Add overhead and growth margin (metadata, fragmentation, more objects, temporary bursts) → target cache ≈ 1–2 GB.

### Interview checklist: justify the cache, don't guess
If asked in an interview, present the calculation and assumptions explicitly:
1. State measurement window (e.g., daily reads) and source (access logs, metrics)
2. Show how you derive unique files (reads ÷ reads_per_file) or compute top-K by rank
3. Choose a hot_set_fraction (cite 80/20 as a start; adjust if you measure a different skew)
4. Use average object size and add overhead/growth margin
5. State eviction policy assumptions (LRU, LFU) and how TTLs or writes affect the effective hot set
6. Provide the final recommendation (with safety margin)

### Caveats & refinements
- Skew matters: if distribution is less skewed, the hot set grows and caching helps less.
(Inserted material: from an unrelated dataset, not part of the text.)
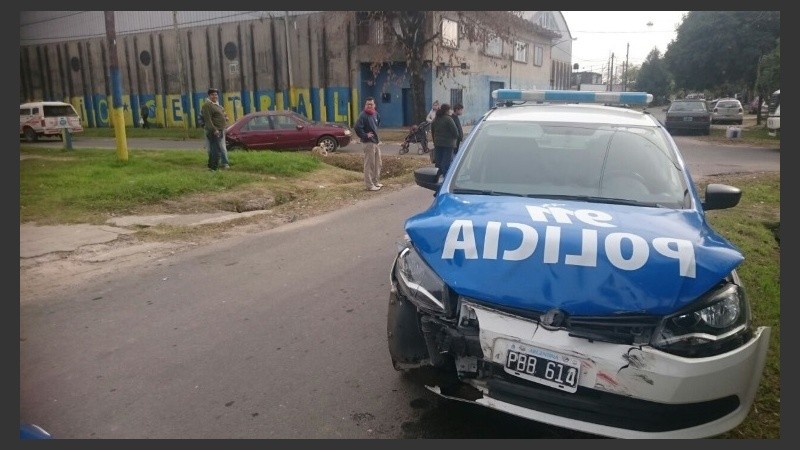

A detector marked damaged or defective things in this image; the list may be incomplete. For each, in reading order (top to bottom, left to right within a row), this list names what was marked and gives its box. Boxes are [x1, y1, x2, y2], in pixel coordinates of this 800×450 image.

crumpled hood [406, 194, 744, 316]
damaged police car [390, 89, 772, 440]
broken headlight [648, 282, 752, 358]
Measure the exponent (alpha) of your Zipf-like distribution if possible.
- Time window: the working set can change hourly/daily; choose a window that matches your SLA goals.
- Writes and consistency: write-heavy workloads and short TTLs reduce effective cache utility.
- Object size variance: if object sizes vary widely, use percentiles (median/95th) or weight by bytes when sizing.
- Eviction policy: LRU/LFU hybrid choices affect how well the hot set is retained under churn.

### Quick tip on latency impact
If local cache latency is 5 ms and remote object fetch is 100 ms, improving hit rate from 0% to 80% reduces average read latency roughly by (100 - 5) × 0.8 ≈ 76 ms per read — a big win for user experience.

### TL;DR (for interviews)
Don’t guess cache size. Measure the workload (reads, unique files, object size), assume a hot set (e.g., 20% for 80/20), compute the bytes to hold that set, add safety margin, and explain your assumptions. That math is your answer.